Friday, August 24, 2007

Natalie and Willy

There's been much talk around the Dixon abode lately of adding a dog to the mix. Not sure, think Natalie would enjoy one?

Natalie and Willy Woo

Likely we'll get a Shih Tzu, Dean grew up with them and loves them. And since he puts up with the lovely felineness of Ezzy, I guess it's only fair that he select the next pet. My only question is, how do you have a dog w/out a backyard fence? We don't have one, which has been a bit strange for me with this house, as everyone in CA has fences. It seems so public in your backyard to not have one.

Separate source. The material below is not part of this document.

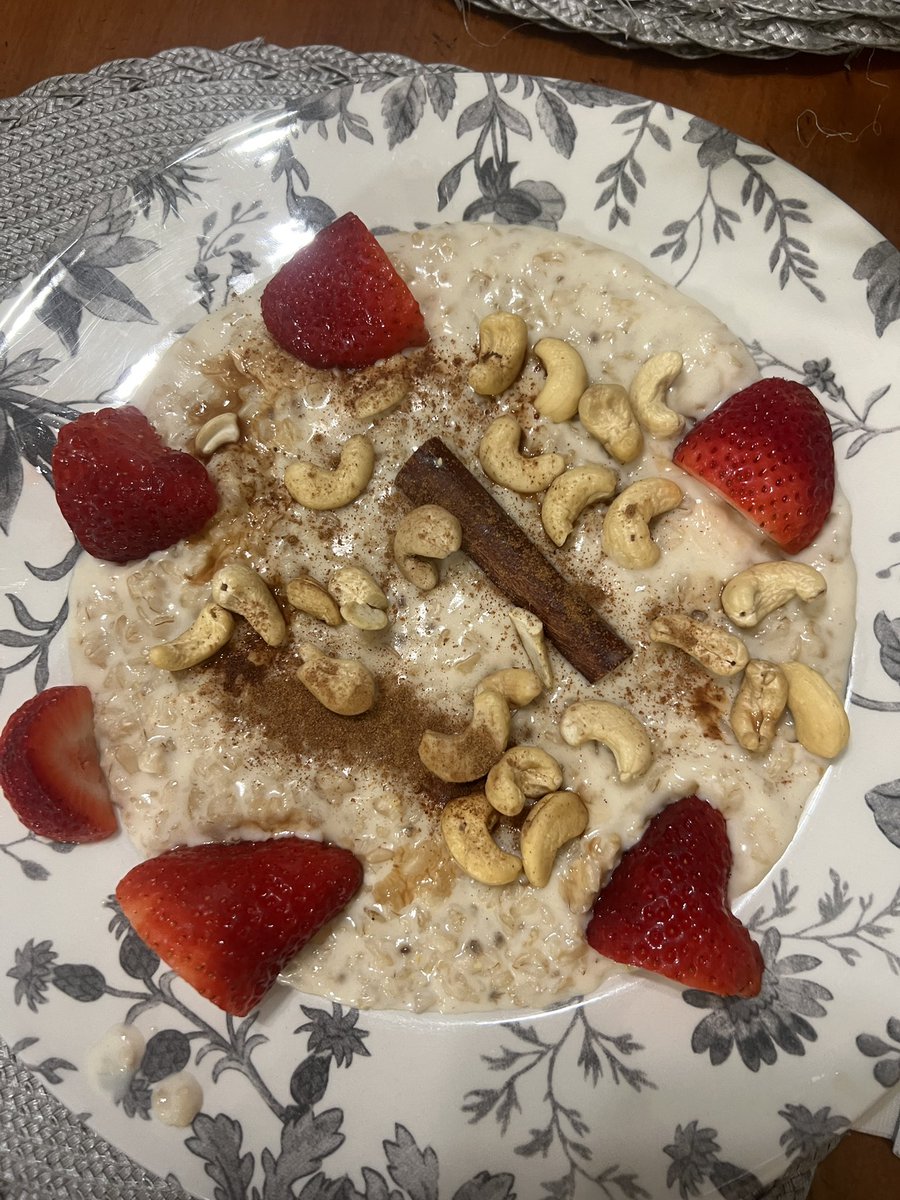 Montejp231's tweet image. #BreakfastVibes 
Summer is coming.  Clean living. What you eat in private shows up in public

But since it's summer and ridiculously hot, if I'm outside, I'm on the lanai in the safety of the cool pool and giant screened cage to keep the bugs out. So it hasn't really been an issue. But I can't imagine having a dog without a fence, you know? Not if we want to stay friends with our neighbors anyway. So I think we'll have another project to add to the house list soon. Now tell me, do you ever, as a homeowner go a good long stretch without having to spend money on the house?

Tuesday, August 21, 2007

Beware, Florida Living

Think you had a crazy morning?

I got up early with Natalie this morning, enjoyed some playtime and then settled her down to some Raisin Bran and Sesame Street so I could take a shower. I head into our guest bathroom for a quick break before showering and am "greeted" by something I never thought I'd see. As I open the toilet seat, something moves. Let me say that again... SOMETHING IS MOVING IN MY TOILET!!

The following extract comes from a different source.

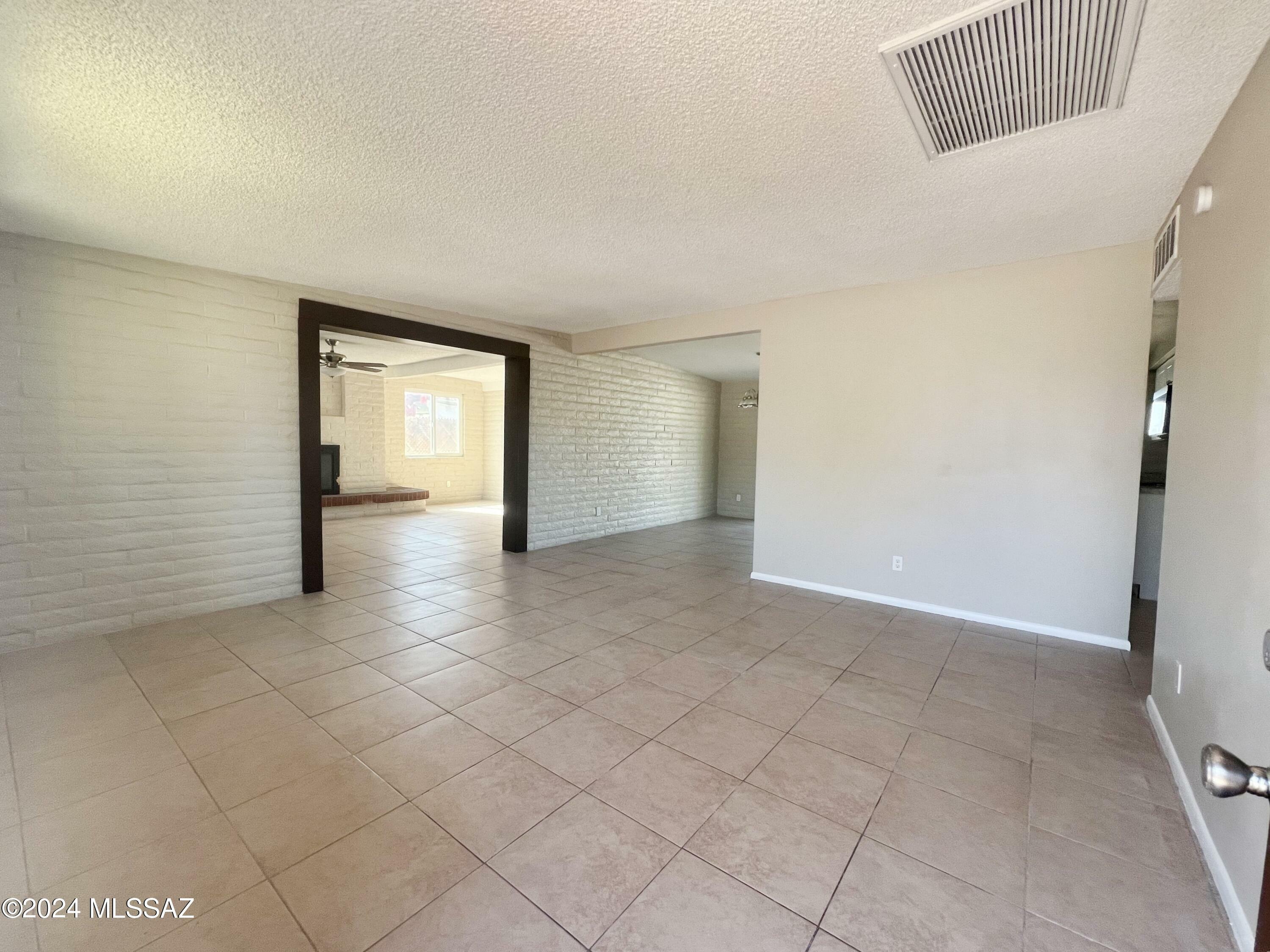 Property Photo:  4562 S White Pine Drive  AZ 85730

I proceed to scream and generally freak out and am immobilized by shock as I see two eyes looking back at me, in my toilet. As the shock fades, I realize it's a goddamn FROG in my toilet. Not a tiny frog either, but a healthy-size one (for the toilet anyway) at 2-3 inches in diameter. And while I am standing there, I'm sure my mouth gaping, the frog is freaking out as well. Those eyes are wide and he (she?) is kicking and splashing spasmodically and I realize in horror that he might jump out. At which point I slam the seat down.

What to do now?

I open it again to make sure I'm not crazy and he's still looking at me!! Arrgh! So I run to grab Dean. Clearly, this is a man's job. He's still in bed and I tell him he has to come see something, right now. He gets a slightly worried look and is asking me what it is and I just say "no, you have to see this" and lead him into the bathroom. I tell him to open the toilet seat. He gives me that look that says "uh-oh", opens the lid and sees... nothing. The frog is gone. My lovely husband then asks me if I'm sure I saw a frog. I think my look answered that question.

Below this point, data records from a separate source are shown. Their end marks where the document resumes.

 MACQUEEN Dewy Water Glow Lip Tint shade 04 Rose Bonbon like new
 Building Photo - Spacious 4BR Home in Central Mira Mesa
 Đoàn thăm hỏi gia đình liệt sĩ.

Then, he starts looking around the bathroom, asking if it got out. I panic for a second and then realize no, while he appeared basketball size in my horror, I know he was too small to force open the lid. So I tell Dean to look in the basin. Still nothing. So, Dean flushes the toilet, nothing happens and that is it. I'm feeling slightly remorseful at this point, wondering if the flush killed the frog, but really, I'm more afraid he's still in the piping waiting to make another appearance.

Of course, this brings up memories of my childhood when I heard about a lady in Texas who got bitten while peeing when a snake came up the toilet. I had serious fears about this for months after... always checking for snakes in our toilet in California. Nice to have finally gotten over that only to be re-traumatized through finding a frog in my own toilet.

So let's just say, the lids on the toilets will remain closed in the house moving forward. I will likely not use the guest bathroom for awhile. I even had to flush first when using the other bathroom because in my freaked out state, I wondered if the pipes were connected. Oh, and all this is happening as we are on the brink of potty training Natalie. Nice.

So, when you come to visit, look before you pee and if you leave the seat up, I'm going to kick you out of my house.